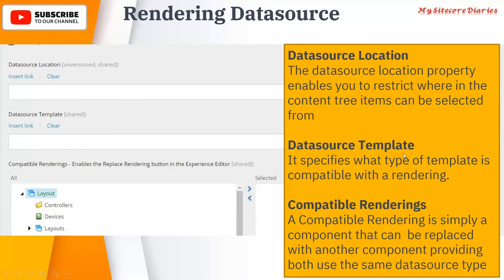Then you have the data source template, which specifies what type of template is compatible with the rendering — basically what kind of data can be used by that rendering. For example, if you are using color, then color is your template. Whenever a user selects a data source, they can only select items of that template type. That is your data source template.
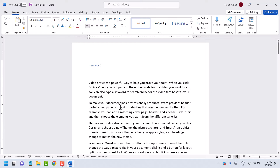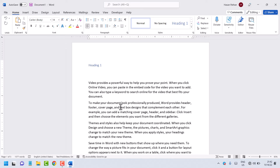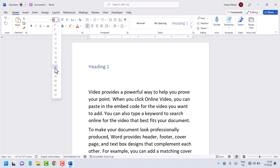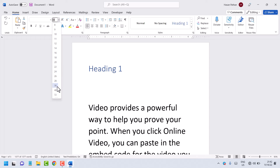Press Ctrl+A. Now here you will see this option — font size. You can change the font size and select your desired size.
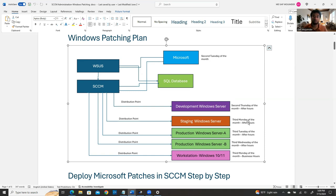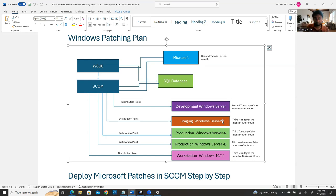Based on the plan: second Tuesday Microsoft releases the patch, second Wednesday you analyze it and research if anyone has reported issues with the release, and second Thursday you schedule a job to apply the patch to your development servers. Staging servers get patched on the third Monday after hours.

# # # # # # #

## Task
Type the lines above out again exactly as they appear, skipping every picture.

## Solution to the exercise
Then you have the data source template, which specifies what type of template is compatible with the rendering — basically what kind of data can be used by that rendering. For example, if you are using color, then color is your template. Whenever a user selects a data source, they can only select items of that template type. That is your data source template.
Press Ctrl+A. Now here you will see this option — font size. You can change the font size and select your desired size.
Based on the plan: second Tuesday Microsoft releases the patch, second Wednesday you analyze it and research if anyone has reported issues with the release, and second Thursday you schedule a job to apply the patch to your development servers. Staging servers get patched on the third Monday after hours.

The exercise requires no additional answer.